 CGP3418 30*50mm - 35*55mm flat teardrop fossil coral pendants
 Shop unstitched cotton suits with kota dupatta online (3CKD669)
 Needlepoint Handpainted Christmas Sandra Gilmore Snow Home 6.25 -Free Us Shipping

...

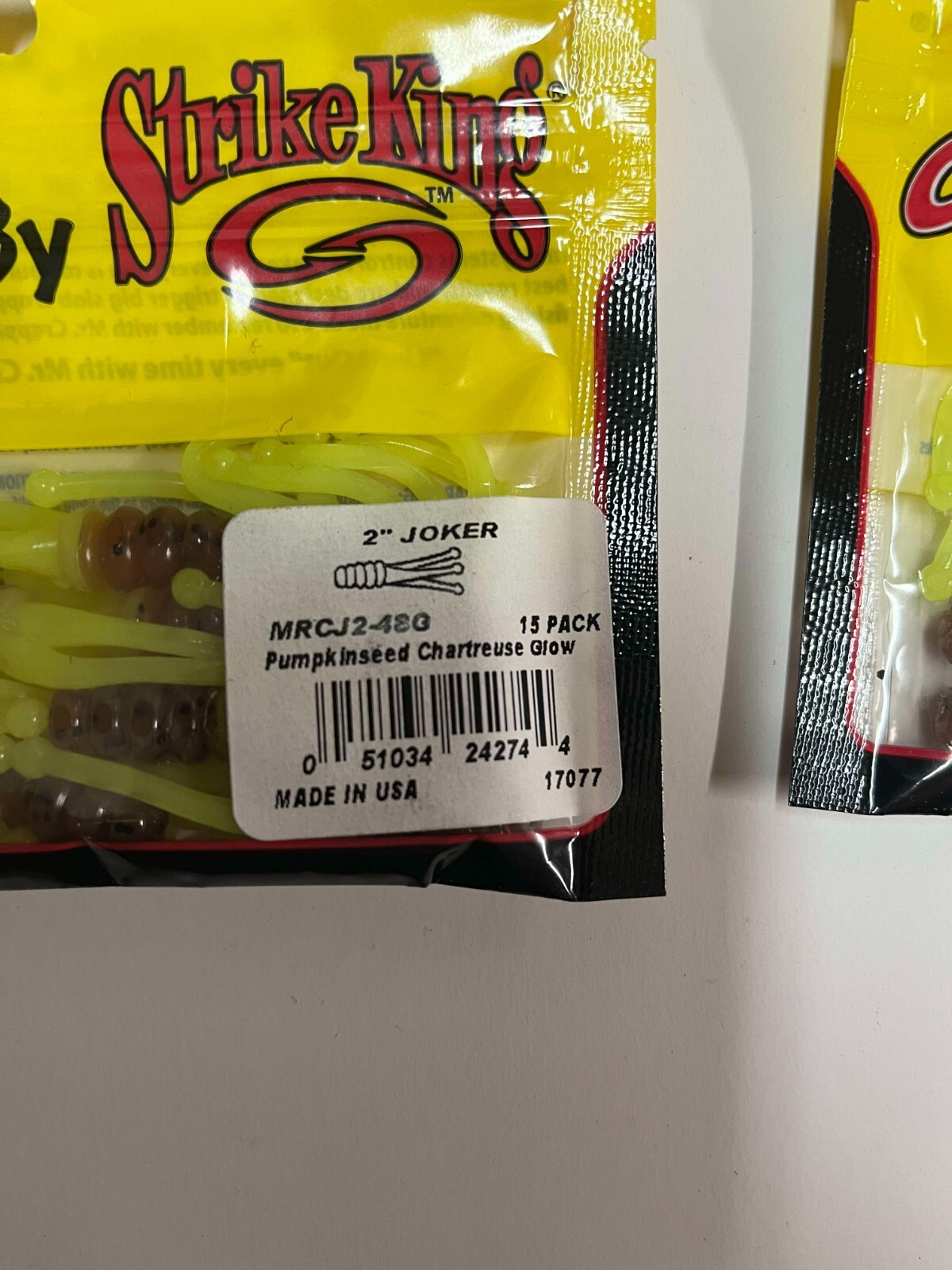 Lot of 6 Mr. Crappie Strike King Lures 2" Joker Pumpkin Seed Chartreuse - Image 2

...

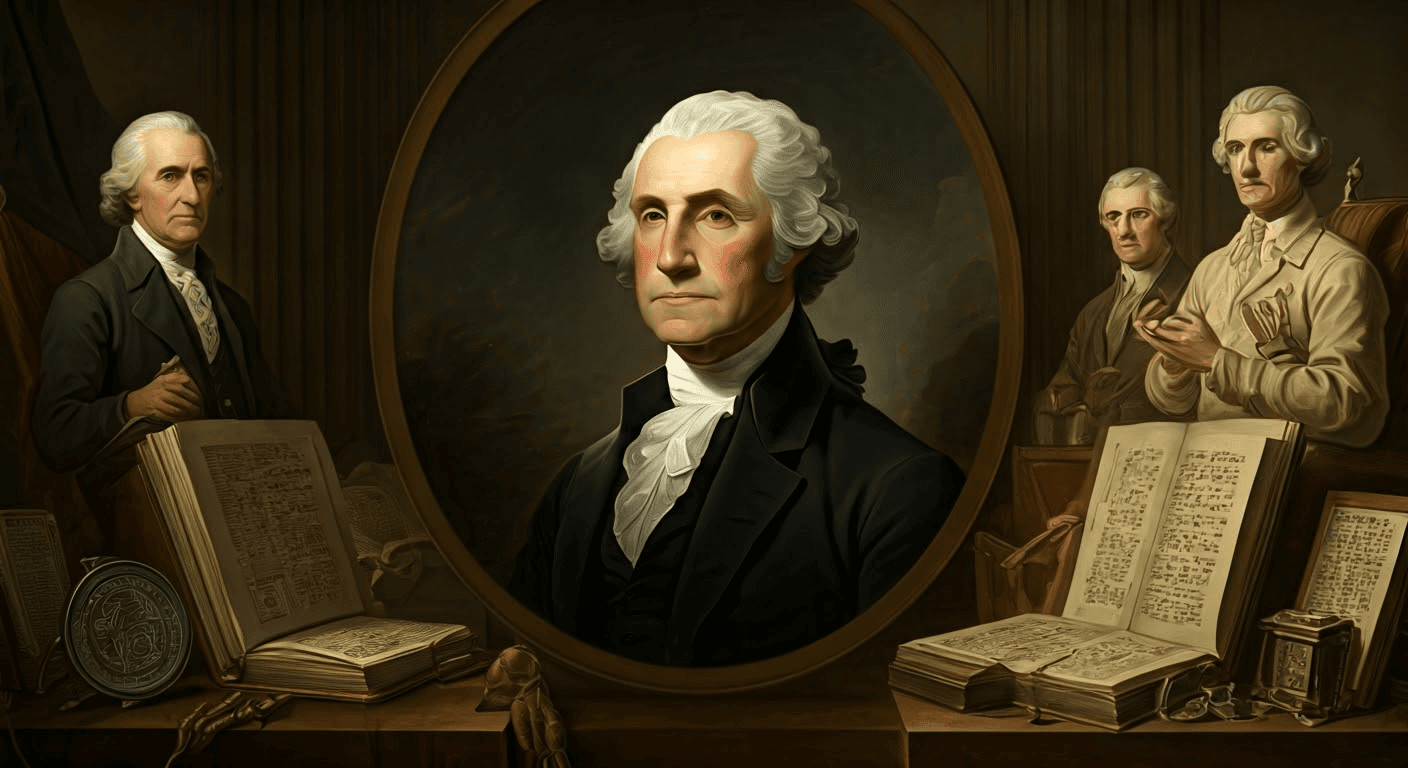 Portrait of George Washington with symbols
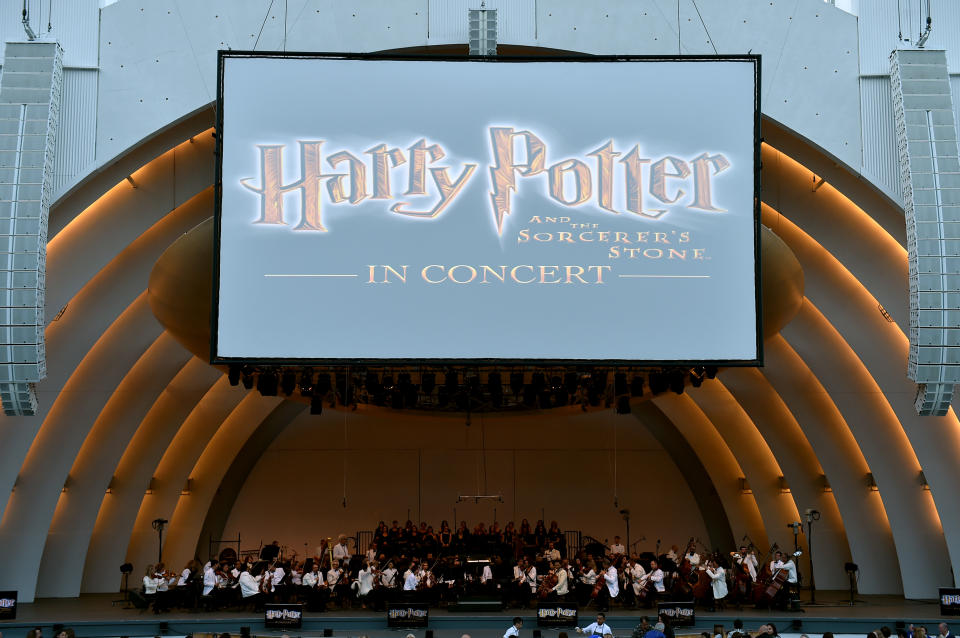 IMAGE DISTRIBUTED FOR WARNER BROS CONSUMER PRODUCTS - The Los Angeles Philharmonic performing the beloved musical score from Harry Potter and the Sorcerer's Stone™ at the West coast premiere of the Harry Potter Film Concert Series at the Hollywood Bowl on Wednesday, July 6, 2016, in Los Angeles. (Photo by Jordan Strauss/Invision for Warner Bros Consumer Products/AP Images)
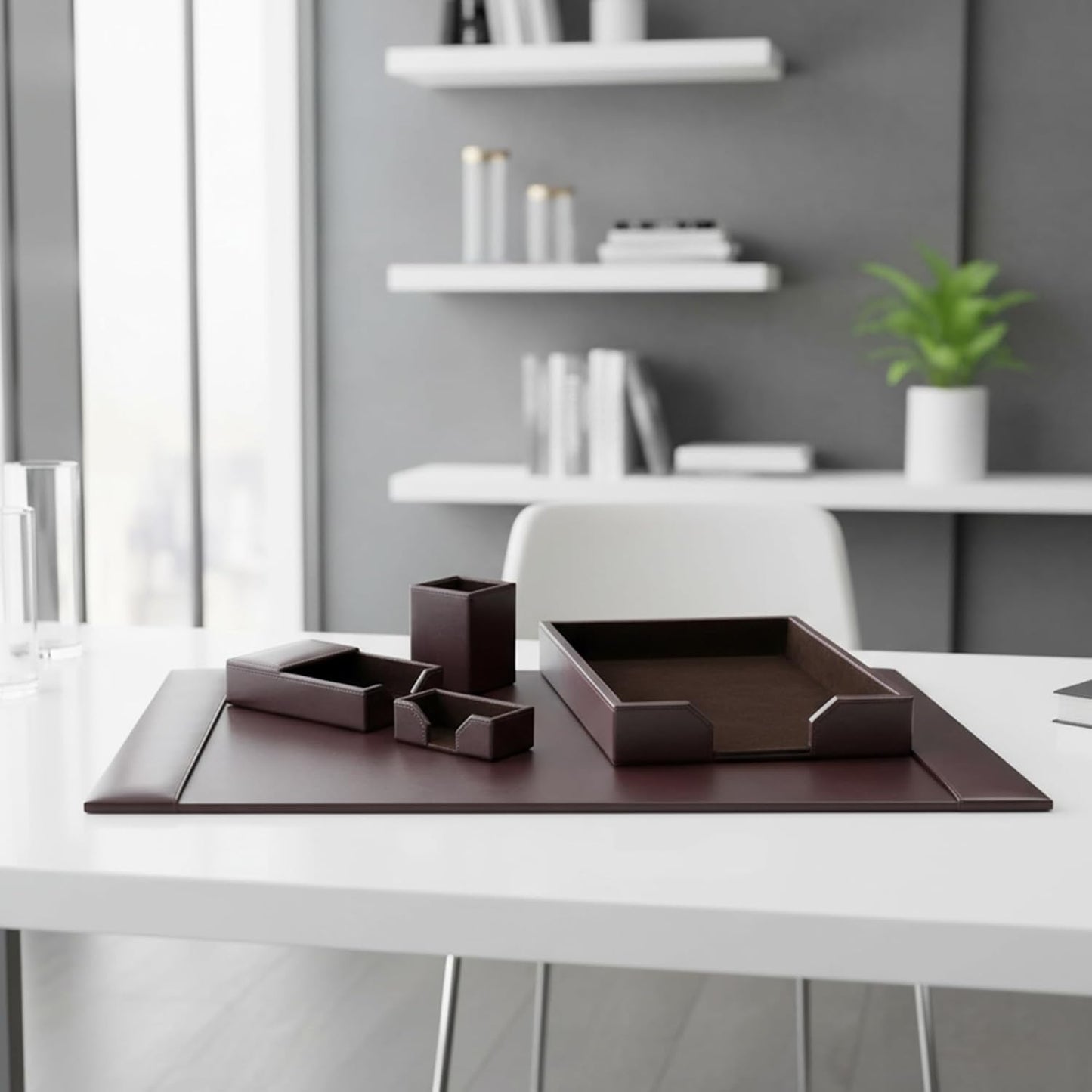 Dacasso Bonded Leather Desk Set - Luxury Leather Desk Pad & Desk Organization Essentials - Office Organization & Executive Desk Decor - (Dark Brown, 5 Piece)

▶ _Exercise requirements_:
Please output the lines of the listing above that fall in the stretch from the one with "Shop unstitched cotton" through the one with "Needlepoint Handpainted Christmas", exactly and only those.

▶ _Task answer_:
 Shop unstitched cotton suits with kota dupatta online (3CKD669)
 Needlepoint Handpainted Christmas Sandra Gilmore Snow Home 6.25 -Free Us Shipping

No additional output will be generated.